Allah als Wahlkampfhelfer

Foto: REUTERS/Bazuki Muhammad
UMNO-Mitglieder tun mit Schildern auf der Parteiversammlung der UMNO ihre Unterstützung für den malayischen Premierminister Najib Razak kund.
Allah als Wahlkampfhelfer
Spätestens im April wird in Malaysia ein neues Parlament gewählt. Um von Korruptionsvorwürfen abzulenken, hat die regierende Partei einen Streit um eine religiöse Frage angezettelt: das arabische Wort Allah für Gott soll allein den Muslimen gehören.
13.02.2013
Robert Spring

An einem Samstag Ende Januar machte Najib Razak den fünf großen Religionen Malaysias seine Aufwartung. Zum beginnenden Wahlkampf wollte der Premierminister ein Zeichen der Harmonie und dies Miteinanders setzen in einer Zeit, in der von islamischen Hitzköpfen Hass gegen Minderheitsreligionen gepredigt und die Spannungen zwischen den Religionen geschürt werden. In Kuala Lumpurs Stadtteil Brickfields schaute Najib bei Tempeln von Hindus, Taoisten und Buddhisten sowie an der Tamil Methodist Church vorbei, setzte aber keinen Fuß in eines der Gotteshäuser. Nur die Moschee besuchte der gläubige Muslim.
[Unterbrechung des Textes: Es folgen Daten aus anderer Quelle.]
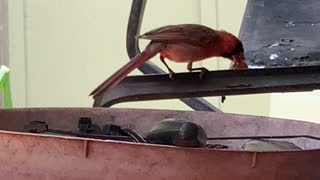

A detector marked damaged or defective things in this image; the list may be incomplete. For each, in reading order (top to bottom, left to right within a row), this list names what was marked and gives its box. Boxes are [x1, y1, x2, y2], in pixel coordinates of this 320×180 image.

rusty container [0, 107, 318, 179]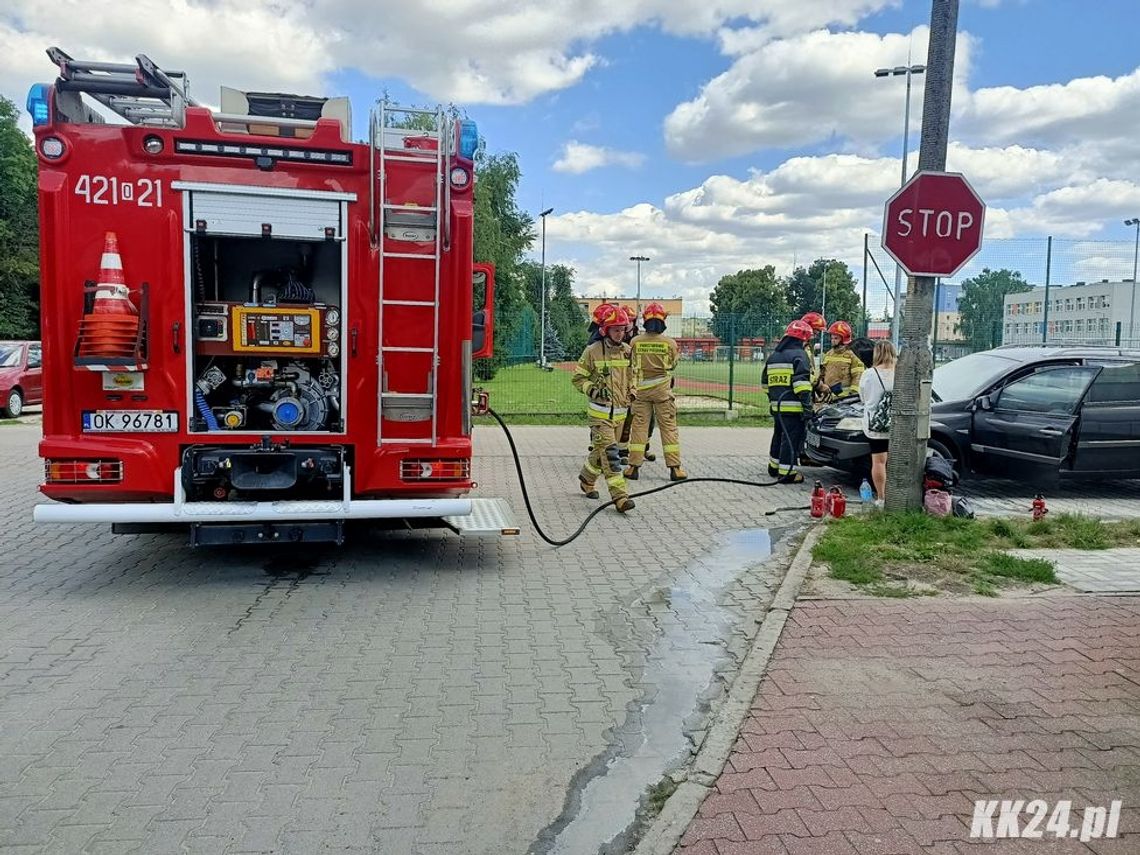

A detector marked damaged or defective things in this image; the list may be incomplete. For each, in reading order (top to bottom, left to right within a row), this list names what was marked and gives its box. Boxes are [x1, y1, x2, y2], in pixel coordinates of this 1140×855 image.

black damaged car [802, 346, 1140, 483]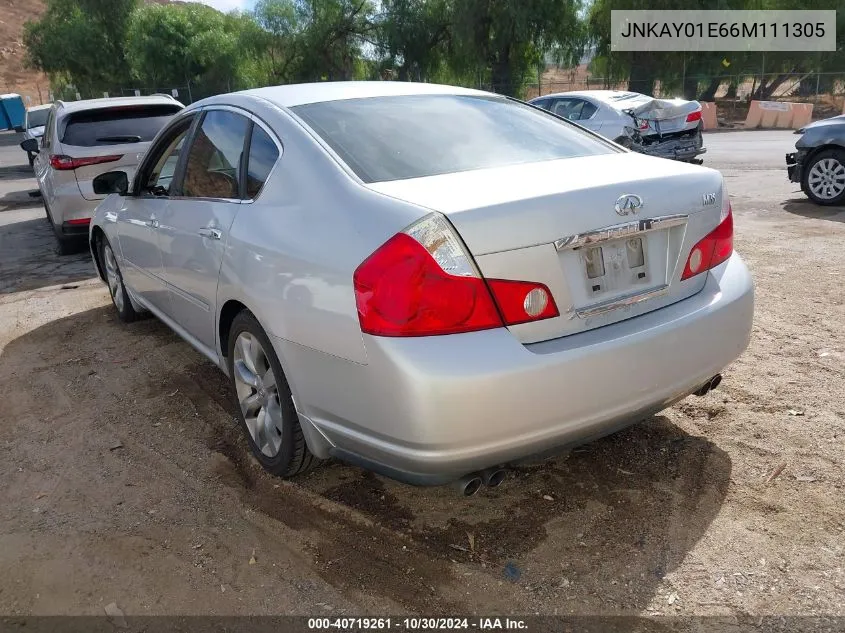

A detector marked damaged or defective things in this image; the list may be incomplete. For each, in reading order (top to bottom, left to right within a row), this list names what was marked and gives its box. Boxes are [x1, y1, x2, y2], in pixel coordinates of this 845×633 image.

damaged car in background [536, 92, 704, 165]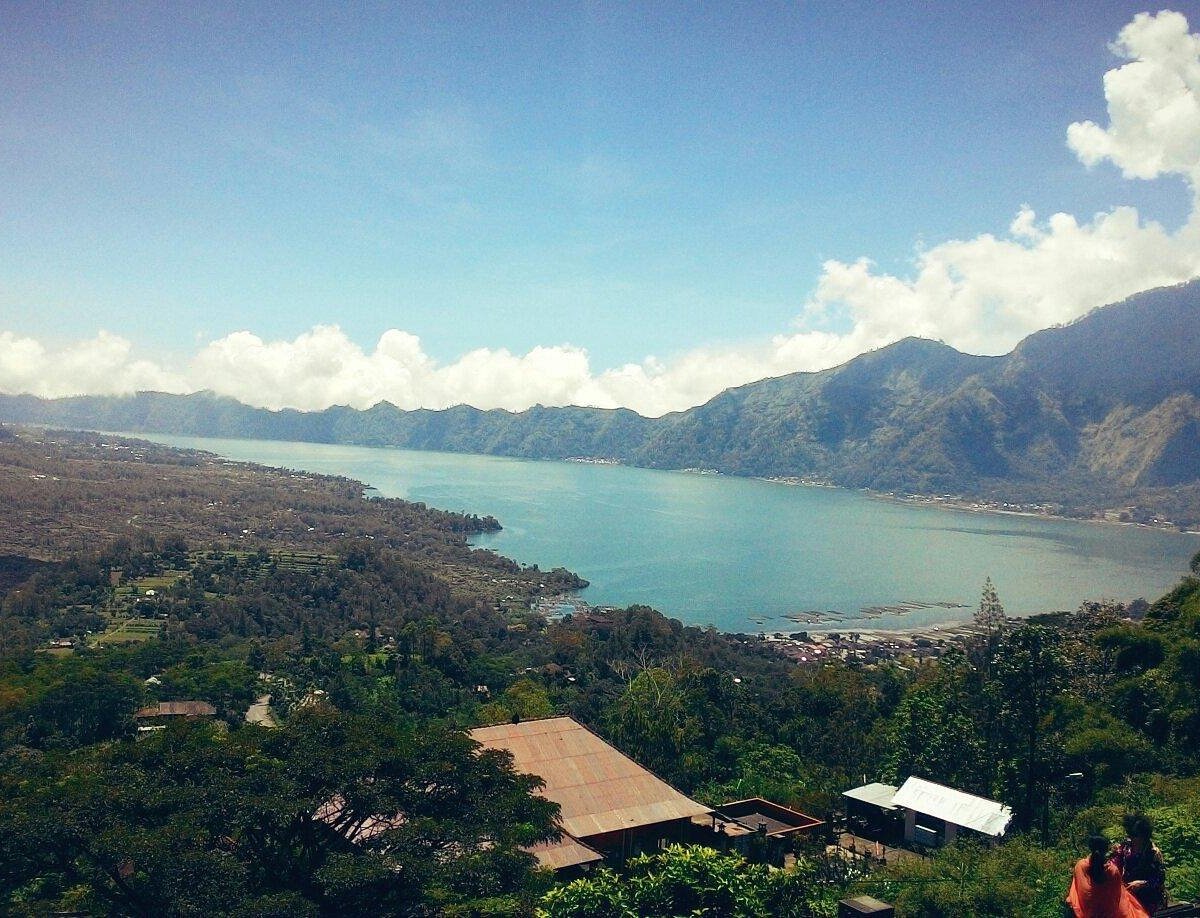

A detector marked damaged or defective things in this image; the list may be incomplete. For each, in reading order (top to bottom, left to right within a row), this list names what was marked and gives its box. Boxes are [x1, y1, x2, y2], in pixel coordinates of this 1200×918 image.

rusty corrugated roof [468, 716, 712, 844]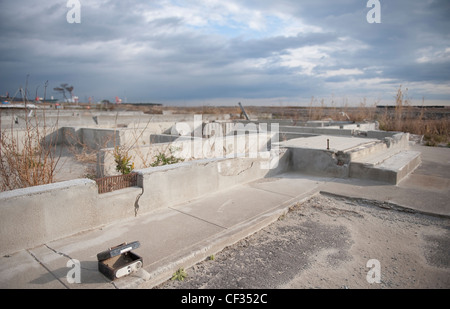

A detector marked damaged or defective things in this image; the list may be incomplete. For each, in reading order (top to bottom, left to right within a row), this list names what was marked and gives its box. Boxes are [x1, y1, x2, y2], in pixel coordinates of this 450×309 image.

broken concrete edge [320, 190, 450, 219]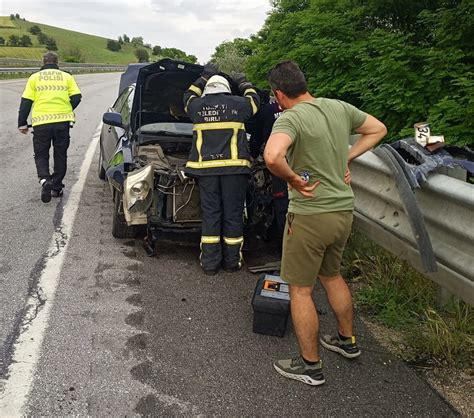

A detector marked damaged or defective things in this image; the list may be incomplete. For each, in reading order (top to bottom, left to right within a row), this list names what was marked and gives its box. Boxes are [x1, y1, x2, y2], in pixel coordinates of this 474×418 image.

damaged car [98, 59, 272, 251]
Seid nett zueinander, aber wahrt Distanz, ist die Botschaft, die Najib an die Bürger des multiethnischen, multireligiösen, aber mehrheitlich islamischen Malaysia aussendete. Eine Botschaft, die im Gegensatz zu der von Najib gleich nach seinem Amtsantritt 2009 initiierten Kampagne "1Malaysia" steht, was so viel wie "Wir sind ein Volk" bedeutet. Malaysia muss bis spätestens Frühsommer ein neues Parlament wählen und erstmalig seit über 50 Jahren erscheint ein Machtwechsel möglich.

"Allah" steht auch in der malayischen Bibel für "Gott"

Die Religionstour durch Brickfields enttäuschte aber all jene Malaysier jeglichen Glaubens, die ein klares Wort ihres Premierministers zu der immer mehr außer Kontrolle geratenden Kontroverse um das Wort Allah erwartet hatten. Najib aber zog es vor, weiterhin zu schweigen. Um was es bei der Allah-Kontroverse geht, ist schwer zu beschreiben und wirkt beinahe grotesk.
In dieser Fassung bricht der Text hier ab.